Sebagai khalifah fil ardi, manusia diberi hak penuh untuk mengolah dan mengelola alam dengan segala fasilitasnya. Akhirnya manusia-manusia cerdas berlomba-lomba menciptakan teknologi termasuk internet dengan segala kemudahannya. Metaverse adalah hasil terkini perkembangan teknologi hasil ciptaan manusia-manusia genius tersebut. Dengan kemampuannya tersebut banyak manusia melupakan Tuhannya. Na'udzubillah...
Namun bagi orang-orang yang memiliki keimanan, metaverse tidak akan membuatnya terlalu terpukau. Justru dengan munculnya metaverse yang katanya serba bisa tersebut akan membuatnya semakin berhati-hati dalam menyikapinya. Prinsipnya adalah yang semu tetaplah semu dan yang nyata tetaplah nyata.

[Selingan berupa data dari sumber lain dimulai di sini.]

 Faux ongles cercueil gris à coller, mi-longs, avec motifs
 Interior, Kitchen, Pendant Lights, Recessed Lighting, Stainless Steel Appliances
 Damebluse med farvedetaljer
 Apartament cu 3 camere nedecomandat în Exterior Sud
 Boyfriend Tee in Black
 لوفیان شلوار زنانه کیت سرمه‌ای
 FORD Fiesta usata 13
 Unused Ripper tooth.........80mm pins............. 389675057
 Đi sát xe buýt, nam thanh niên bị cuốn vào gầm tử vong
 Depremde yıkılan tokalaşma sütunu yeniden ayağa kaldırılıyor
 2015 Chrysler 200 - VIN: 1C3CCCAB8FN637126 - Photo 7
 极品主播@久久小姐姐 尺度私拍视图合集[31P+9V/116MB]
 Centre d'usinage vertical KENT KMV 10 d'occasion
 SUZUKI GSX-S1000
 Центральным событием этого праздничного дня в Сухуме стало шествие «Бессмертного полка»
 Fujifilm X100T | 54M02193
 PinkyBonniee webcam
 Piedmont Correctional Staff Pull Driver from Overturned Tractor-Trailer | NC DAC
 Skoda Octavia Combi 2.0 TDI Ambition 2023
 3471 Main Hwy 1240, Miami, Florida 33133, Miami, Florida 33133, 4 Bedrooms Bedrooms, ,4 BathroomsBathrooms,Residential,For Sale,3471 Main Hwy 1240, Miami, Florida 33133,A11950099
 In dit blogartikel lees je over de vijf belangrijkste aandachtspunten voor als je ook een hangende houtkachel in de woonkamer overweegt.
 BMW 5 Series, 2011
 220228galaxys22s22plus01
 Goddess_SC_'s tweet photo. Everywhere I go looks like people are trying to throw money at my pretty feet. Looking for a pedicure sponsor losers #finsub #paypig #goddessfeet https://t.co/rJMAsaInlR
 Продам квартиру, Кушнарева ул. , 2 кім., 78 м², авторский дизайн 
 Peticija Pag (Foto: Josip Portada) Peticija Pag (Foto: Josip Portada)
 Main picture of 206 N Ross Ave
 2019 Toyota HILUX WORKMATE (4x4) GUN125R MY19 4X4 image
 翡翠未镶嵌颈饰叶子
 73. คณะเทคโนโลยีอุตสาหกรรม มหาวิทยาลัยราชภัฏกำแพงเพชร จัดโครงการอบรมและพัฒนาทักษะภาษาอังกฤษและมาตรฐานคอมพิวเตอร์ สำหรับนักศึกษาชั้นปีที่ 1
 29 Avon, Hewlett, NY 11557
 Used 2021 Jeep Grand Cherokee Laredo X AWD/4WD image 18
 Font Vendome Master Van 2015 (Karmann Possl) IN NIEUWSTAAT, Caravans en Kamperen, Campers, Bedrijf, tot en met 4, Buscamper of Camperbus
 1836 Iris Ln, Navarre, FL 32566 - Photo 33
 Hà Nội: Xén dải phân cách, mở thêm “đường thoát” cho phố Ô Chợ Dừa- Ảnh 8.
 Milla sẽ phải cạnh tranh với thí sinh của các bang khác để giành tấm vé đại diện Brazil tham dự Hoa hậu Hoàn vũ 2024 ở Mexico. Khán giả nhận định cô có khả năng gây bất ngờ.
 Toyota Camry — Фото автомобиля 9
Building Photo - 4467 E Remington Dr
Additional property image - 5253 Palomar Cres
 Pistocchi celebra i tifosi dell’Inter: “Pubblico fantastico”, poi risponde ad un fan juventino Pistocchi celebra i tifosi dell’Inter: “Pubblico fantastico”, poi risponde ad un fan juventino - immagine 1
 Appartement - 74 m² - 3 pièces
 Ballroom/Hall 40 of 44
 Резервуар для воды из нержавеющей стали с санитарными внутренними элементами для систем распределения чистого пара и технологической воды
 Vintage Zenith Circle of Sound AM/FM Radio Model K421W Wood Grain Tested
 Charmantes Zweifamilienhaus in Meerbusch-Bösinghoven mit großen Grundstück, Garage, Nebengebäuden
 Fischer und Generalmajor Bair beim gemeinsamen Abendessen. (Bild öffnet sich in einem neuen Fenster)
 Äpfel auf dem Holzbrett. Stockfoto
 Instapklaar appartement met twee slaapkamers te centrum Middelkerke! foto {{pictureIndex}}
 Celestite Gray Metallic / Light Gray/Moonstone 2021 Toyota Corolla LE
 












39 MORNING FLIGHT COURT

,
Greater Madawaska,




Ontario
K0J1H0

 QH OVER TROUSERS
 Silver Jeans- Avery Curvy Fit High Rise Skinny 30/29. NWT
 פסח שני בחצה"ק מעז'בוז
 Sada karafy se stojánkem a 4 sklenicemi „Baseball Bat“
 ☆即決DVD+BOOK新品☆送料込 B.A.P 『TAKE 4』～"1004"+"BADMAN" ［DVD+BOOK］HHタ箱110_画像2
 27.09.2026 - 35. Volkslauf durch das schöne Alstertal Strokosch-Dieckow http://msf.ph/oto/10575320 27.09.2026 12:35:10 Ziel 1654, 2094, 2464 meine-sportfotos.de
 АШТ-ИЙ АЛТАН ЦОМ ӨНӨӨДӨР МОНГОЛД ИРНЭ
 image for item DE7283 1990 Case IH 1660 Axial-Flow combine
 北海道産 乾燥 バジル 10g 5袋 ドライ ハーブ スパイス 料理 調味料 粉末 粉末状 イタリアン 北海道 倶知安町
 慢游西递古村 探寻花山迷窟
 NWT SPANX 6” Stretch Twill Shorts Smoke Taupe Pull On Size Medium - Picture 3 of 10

Dunia fana ini dengan segala fasilitasnya, dengan berbagai hiruk-pikuknya hanyalah sebagai sarana menuju kepada keabadian yang nyata, tinggal menunggu waktu saja. Maka yang paling utama adalah memanfaatkan hasil teknologi untuk mengumpulkan bekal sebanyak-banyaknya dengan menggunakannya sebagai sarana dakwah atau untuk jalan kebaikan yang lainnya.